Web page caption snippets
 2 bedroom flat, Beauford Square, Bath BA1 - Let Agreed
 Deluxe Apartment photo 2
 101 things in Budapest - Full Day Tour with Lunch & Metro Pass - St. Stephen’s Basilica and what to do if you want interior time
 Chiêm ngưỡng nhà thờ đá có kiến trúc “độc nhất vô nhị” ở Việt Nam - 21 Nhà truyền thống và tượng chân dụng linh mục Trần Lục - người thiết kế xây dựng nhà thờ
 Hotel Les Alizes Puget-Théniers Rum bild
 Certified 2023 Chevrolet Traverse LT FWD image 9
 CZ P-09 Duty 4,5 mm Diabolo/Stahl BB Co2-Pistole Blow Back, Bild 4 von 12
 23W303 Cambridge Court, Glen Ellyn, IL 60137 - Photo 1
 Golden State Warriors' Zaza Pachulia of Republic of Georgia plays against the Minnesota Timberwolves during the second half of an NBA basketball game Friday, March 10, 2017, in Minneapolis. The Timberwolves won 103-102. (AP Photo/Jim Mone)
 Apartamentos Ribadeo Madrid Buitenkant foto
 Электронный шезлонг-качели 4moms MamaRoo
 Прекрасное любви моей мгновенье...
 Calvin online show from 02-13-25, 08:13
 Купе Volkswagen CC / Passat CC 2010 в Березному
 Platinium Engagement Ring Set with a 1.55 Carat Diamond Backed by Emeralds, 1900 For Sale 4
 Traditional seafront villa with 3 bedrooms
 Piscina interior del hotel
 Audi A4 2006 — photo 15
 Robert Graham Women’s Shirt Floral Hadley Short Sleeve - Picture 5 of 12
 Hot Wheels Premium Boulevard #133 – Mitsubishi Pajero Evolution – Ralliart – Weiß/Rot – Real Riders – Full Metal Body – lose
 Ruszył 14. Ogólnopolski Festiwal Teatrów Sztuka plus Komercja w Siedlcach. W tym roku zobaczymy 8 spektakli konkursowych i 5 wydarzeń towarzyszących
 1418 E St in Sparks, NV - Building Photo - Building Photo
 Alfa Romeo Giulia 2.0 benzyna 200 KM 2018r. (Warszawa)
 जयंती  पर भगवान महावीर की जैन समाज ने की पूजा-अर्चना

» **Problem details**: With the first line being the one containing "Robert Graham Women’s" and the last line the one containing "Ruszył 14. Ogólnopolski", transcribe exactly the lines above that fall in that range.

» **Problem solution**:
 Robert Graham Women’s Shirt Floral Hadley Short Sleeve - Picture 5 of 12
 Hot Wheels Premium Boulevard #133 – Mitsubishi Pajero Evolution – Ralliart – Weiß/Rot – Real Riders – Full Metal Body – lose
 Ruszył 14. Ogólnopolski Festiwal Teatrów Sztuka plus Komercja w Siedlcach. W tym roku zobaczymy 8 spektakli konkursowych i 5 wydarzeń towarzyszących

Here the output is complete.